UFC flyweight contender Brandon Moreno believes Deiveson Figueiredo’s strategy at UFC 270 was to take the fight to the judges’ scorecards.
At the opening pay-per-view of 2022, the two top flyweights stole the show with another entertaining and enthralling chapter to their rivalry. While Moreno, the first Mexican-born titleholder in UFC history, hoped to extend his reign with a second win against Figueiredo, the Brazilian targeted revenge and a second stint atop the 125-pound mountain.
After five rounds of back-and-forth action, the judges were needed to decide who left Anaheim with the flyweight gold. With 48-47 scores across the board, “Deus Da Guerra” etched his name into the history books as the promotion’s first-ever two-time 125-pound king.
Moreno: ‘He Never Tried To Finish The Fight’
While Moreno performed admirably, even doing enough to win in the eyes of some, and kept the fight extremely close with his volume and speed, it was Figueiredo’s power that proved to be the difference, with knockdowns in the third and fifth frames seemingly edging him the co-main event contest.
Prior to the trilogy clash, Figueiredo, who had his first reign at the top of the weight class ended via submission at UFC 263 last June, promised he was going to take Moreno’s head inside the Honda Center.
But having gone the distance with the Brazilian, “The Assassin Baby” believes Figueiredo’s game plan actually involved doing the opposite to his pre-fight trash talk.
“I was saying in interviews, ‘Man, I’m expecting a better Figueiredo, like, more motivated, hungry for success, trying to cut my head off.’ Everything was true, except he never wanted to (finish) me,” Moreno told Ariel Helwani on The MMA Hour. “His game plan was to go the decision and (he) won like that. He never tried to really finish the fight. He connected with me and got some knockdowns, but I feel like that wasn’t the real game plan.”

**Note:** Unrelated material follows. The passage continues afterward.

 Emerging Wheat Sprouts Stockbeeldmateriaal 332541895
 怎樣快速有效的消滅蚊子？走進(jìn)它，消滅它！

That theory will no doubt be disputed by the newly crowned champ, who claims he would’ve only needed another 30 seconds to finish the Mexican in the third frame.
While the trilogy contest brought a lot to the cage, one thing it didn’t do was provide closure for the rivalry. With the score now at 1-1-1 and with Moreno calling for a fourth clash later this year, it appears the pair could make history with a tetralogy.
But with contenders like Askar Askarov, Alexandre Pantoja, and Kai Kara-France waiting in the wings, it remains to be seen whether the UFC will favor an immediate fourth fight or if it’ll choose to venture to new matchups first instead.